Indeed the Maelzel marking is potentially misreadable by non-experts - though my piano teacher never had a moment of doubt that it should be taken from the top of the weight - and the original machines were definitely easier to read from the top, see Johann Nepomuk Maelzel - Wikipedia).

It seems a stretch to assume that Beethoven, being alive at the same time as Maelzel, meeting him in Vienna and having had a large degree of communication with him, and becoming as a consequence a quite strong advocate of the metronome, would have made this basic mistake throughout nearly a whole decade without there being some tangible record that he had made a mistake.

For example, there might be an entry in his conversation books saying ‘Damn that Maelzel, I have been taking his tempo from the bottom of the weight all this time when it should have been the top! Now I will have to get Steiner to re-engrave all the pages with those stupid numbers. But at least I can get it right for my 9th symphony!’.

But, there is no such evidence of Beethoven being aware of making a mistake.

The ‘clincher’ in this context is … that 108, as a tempo for the 9th symphony first movement, is also a lot faster than almost all 20th century conductors take it. Even ‘period’ experts. Probably even more than 20% faster.

So the theory utterly fails to explain the case it ought to explain perfectly : the discrepancy between Beethoven’s marked tempo (108bpm) and the ‘usual’ tempo for the very movement where this marking appears (70-80-ish). Norrington’s first movement at only quarter=82 already sounds fast enough to elicit objections. Even the posthumous consensus marking quarter=88 is ‘too fast’ relative to almost all recordings.

The ‘from the top’ tempo 108 is, though, consistent with his other ‘too fast’ tempos in being … well, too fast. Just like the Hammerklavier first movement. Whatever one may think of the ‘108 or 120’ marking it doesn’t do anything to reconcile Beethoven’s numbers with 20th century performance.
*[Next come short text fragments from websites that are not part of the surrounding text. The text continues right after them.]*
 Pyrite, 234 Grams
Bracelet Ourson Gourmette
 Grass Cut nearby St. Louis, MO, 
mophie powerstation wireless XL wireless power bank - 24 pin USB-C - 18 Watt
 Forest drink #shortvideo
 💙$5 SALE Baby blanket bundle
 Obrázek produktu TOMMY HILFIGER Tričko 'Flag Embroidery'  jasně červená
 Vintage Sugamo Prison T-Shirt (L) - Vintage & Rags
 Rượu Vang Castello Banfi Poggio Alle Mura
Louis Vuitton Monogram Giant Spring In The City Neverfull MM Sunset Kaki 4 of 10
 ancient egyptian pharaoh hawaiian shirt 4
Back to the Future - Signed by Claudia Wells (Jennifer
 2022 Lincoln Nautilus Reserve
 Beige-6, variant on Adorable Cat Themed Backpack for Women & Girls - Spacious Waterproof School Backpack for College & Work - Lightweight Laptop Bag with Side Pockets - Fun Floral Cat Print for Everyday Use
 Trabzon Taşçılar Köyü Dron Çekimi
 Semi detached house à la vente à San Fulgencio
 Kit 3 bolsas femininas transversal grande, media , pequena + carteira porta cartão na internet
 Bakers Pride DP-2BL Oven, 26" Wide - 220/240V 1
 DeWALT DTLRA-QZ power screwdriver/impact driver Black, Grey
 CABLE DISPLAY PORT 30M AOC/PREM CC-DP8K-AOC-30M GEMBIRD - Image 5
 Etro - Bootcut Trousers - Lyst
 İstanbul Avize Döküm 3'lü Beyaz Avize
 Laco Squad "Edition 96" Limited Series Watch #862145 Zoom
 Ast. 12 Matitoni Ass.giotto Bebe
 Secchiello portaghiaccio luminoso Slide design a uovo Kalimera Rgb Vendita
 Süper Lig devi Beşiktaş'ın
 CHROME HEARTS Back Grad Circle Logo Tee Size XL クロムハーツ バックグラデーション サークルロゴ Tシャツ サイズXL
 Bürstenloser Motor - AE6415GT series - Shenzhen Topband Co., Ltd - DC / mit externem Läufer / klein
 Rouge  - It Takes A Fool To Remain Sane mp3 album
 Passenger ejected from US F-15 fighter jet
Beethoven somehow - despite knowing Maelzel personally - screwing up how to read the metronome is a ‘clever’ proposal that has been made several times, but it turns out to be superficial, illusory, and not a solution to anything. There are still possible psychological explanations for ‘too fast’ markings - eg the difference in perception between playing a piece ‘in one’s head’ or on the piano, vs. it being performed by a full orchestra in a hall - and we will have to be satisfied with suchlike for the time being.
(Much the same could be said for Schumann’s markings.)

Some of the same points are made in a nice article here - metronome marks for Beethoven’s Ninth Symphony in context | Early Music | Oxford Academic

Here is a rather bittersweet view on this topic - Peter Stadlen - Wikipedia

" Stadlen spent many years trying to track down Beethoven’s metronome, an invention which Beethoven had commissioned. It was believed that the weight on his metronome was faulty as some of the speeds written on his pieces seemed incorrect. He wished to ascertain the make-up of this weight and to see the correct speeds which Beethoven himself had intended. He finally tracked it down to a small antiques shop only to discover that, although the metronome itself was intact, the weight itself was missing."